People like Max Boot are telling you that nothing like this has ever happened before. They’re misleading you.
There are other examples. As a new president, Dwight Eisenhower pursued a “New Look” military strategy that emphasized nuclear deterrence and reduced funding for land-based deterrent forces. In response, he faced what historians have called a “colonels’ revolt,” led by army officers who sought to embarrass and discredit their commander in chief. Eisenhower pursued his chosen policy course over their objections, properly regarding himself as the final authority on national military policy. They weren’t being apolitical, and Eisenhower wasn’t politicizing the army.
The President of the United States commands the American armed forces and properly expects loyalty and obedience from his military subordinates. Donald Trump is not the first president to have this thought.
Erecting a false comparison between supposedly apolitical behavior among flag officers and the alleged politicization of the officer corps, Boot keeps fudging the factual picture. Trump, he writes, “fired General C. Q. Brown, the second Black chairman of the Joint Chiefs of Staff,” and “no reason was given.” But here’s his discussion of Brown’s military career: “Brown, a low-key but widely respected leader, was said to have incurred the administration’s wrath by making a video in 2020, during the George Floyd protests, talking about the discrimination he had faced during his rise through the ranks.”
You can watch that video here.

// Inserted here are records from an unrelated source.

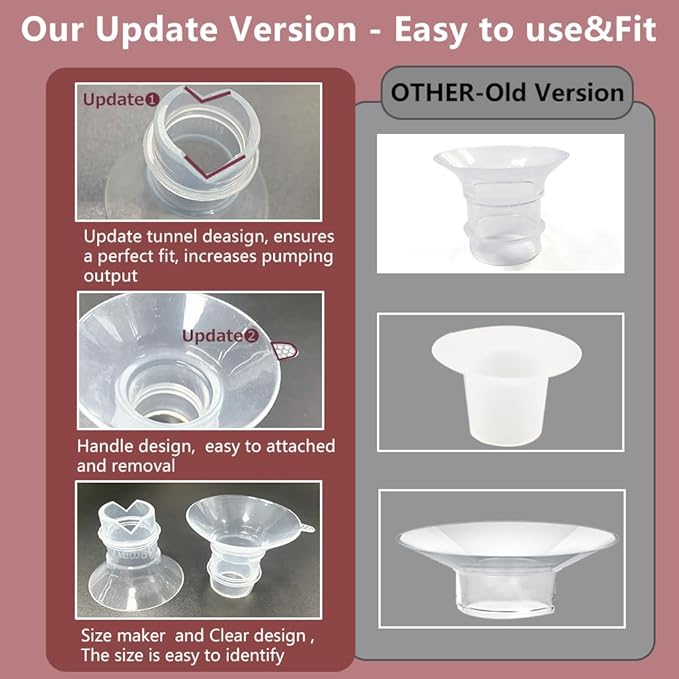 Update Flange Insert 19mm 2pcs for 24mm Flange/Shield of Most Pumps, Silicone Flanges Insert for Momcozy/Medela/Spectra/Eufy/Lansinoh/TSRETE/Elvie/NCVI/Paruu, Breastfeeding Essentials Kit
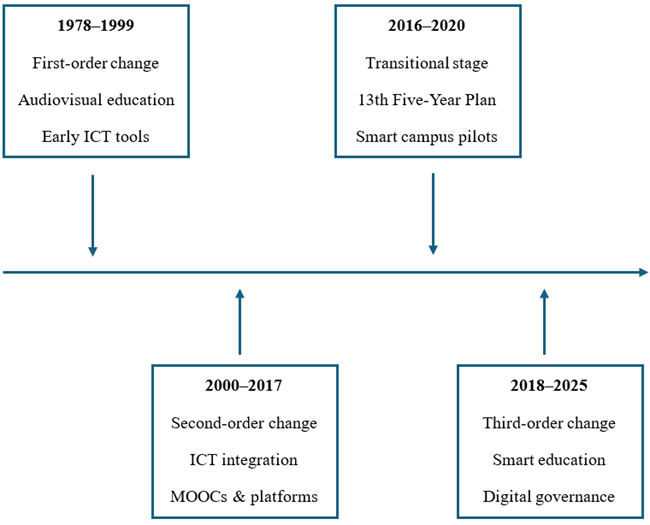 Figure 1. Timeline Summary of China’s Educational Digitalisation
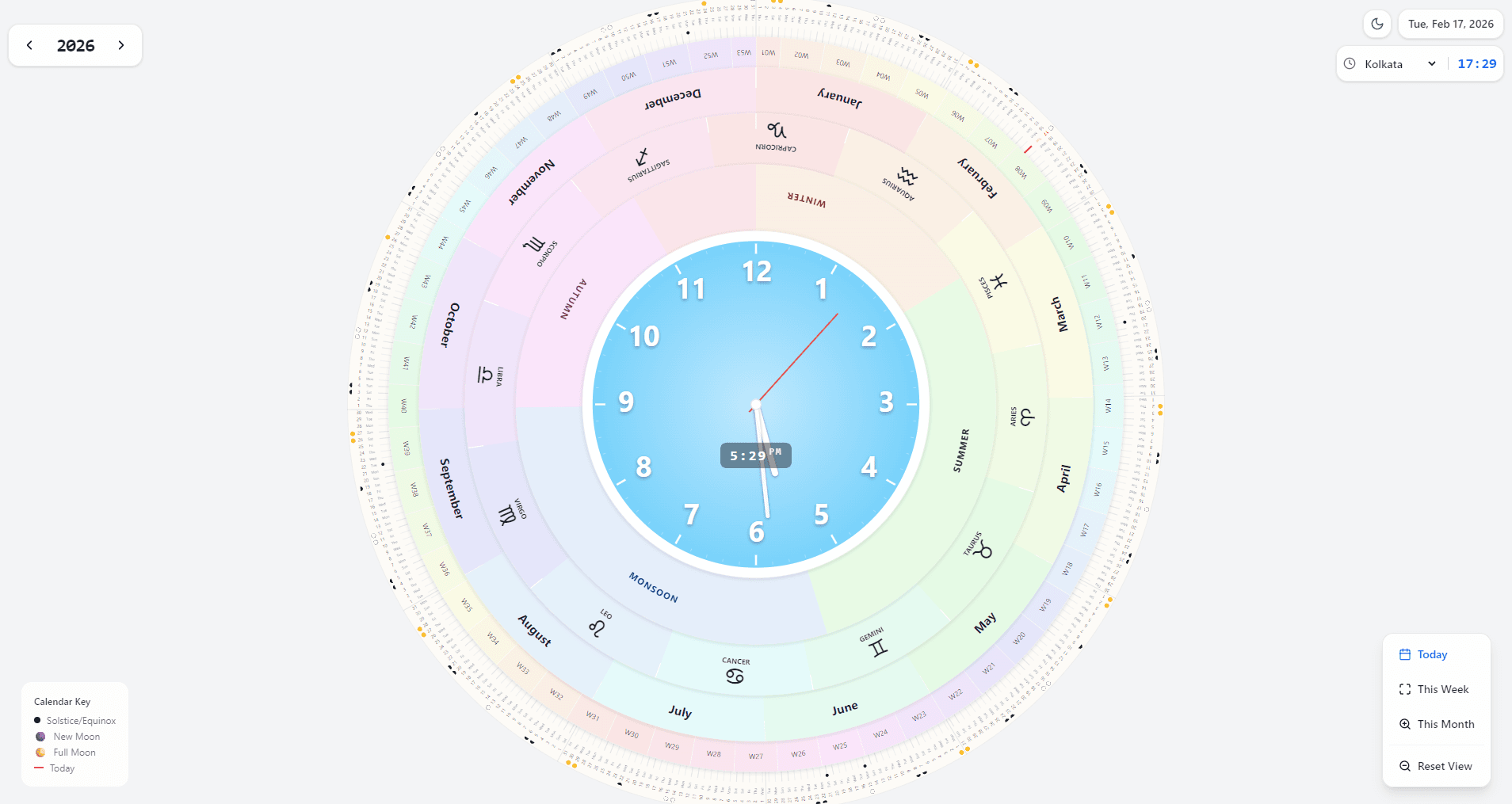 Kalachakra screenshot 1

It features an Air Force flag officer, in uniform, talking about “the current events surrounding the tragic death of George Floyd,” and about “necessary conversations on racism, diversity, and inclusion.”
In Boot’s telling, generals who speak in uniform about George Floyd and race relations in American society are being vigorously apolitical, while disagreement or criticism of that same discussion is a politicization of the military. Officers who support the Biden administration’s DEI and transgender-inclusion policies are apolitical; officers who support the Trump administration’s turn from those policies are embracing politics and putting personal loyalty ahead of their oath. This is not an enormously subtle double standard: Loyalty to Biden isn’t political, but loyalty to Trump is. Democrats are politically neutral, but mean MAGA presidents have a tawdry partisan expectation that the military will follow their policy directives. This is not a depiction to be taken seriously.
All of Trump’s choices in military policy and personnel are fair game for political debate. But nothing he is doing with the armed forces falls outside American political norms. The attempt to pathologize ordinary course corrections in the military is a dishonest and self-interested effort to prevent reasonable institutional change — a new version of an old reaction. Like Jefferson and Eisenhower, Trump is bringing the armed forces into line with his chosen policy course. He is not the first, and he’s certainly not wrong.